• [Work instruction] Using the records below, write out only the lines from the line containing "Wheaton 100 mL" up to and including the line containing "Samsung Galaxy S4 4G", exactly, with no pictures.

• [Materials provided]
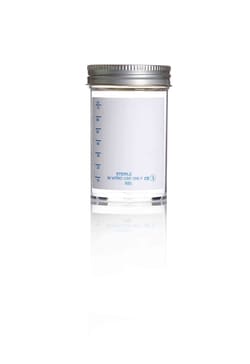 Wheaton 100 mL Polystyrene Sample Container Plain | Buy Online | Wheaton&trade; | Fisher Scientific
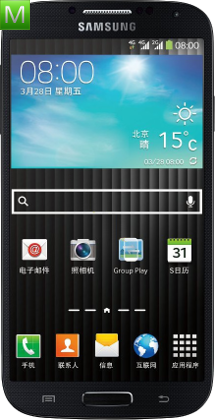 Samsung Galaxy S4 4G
...
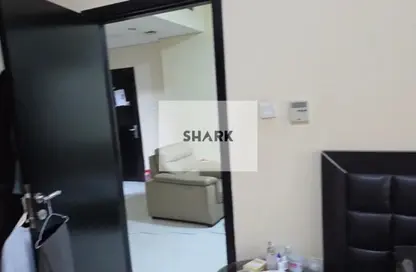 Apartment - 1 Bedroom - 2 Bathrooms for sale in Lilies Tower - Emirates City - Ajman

• [Response below]
 Wheaton 100 mL Polystyrene Sample Container Plain | Buy Online | Wheaton&trade; | Fisher Scientific
 Samsung Galaxy S4 4G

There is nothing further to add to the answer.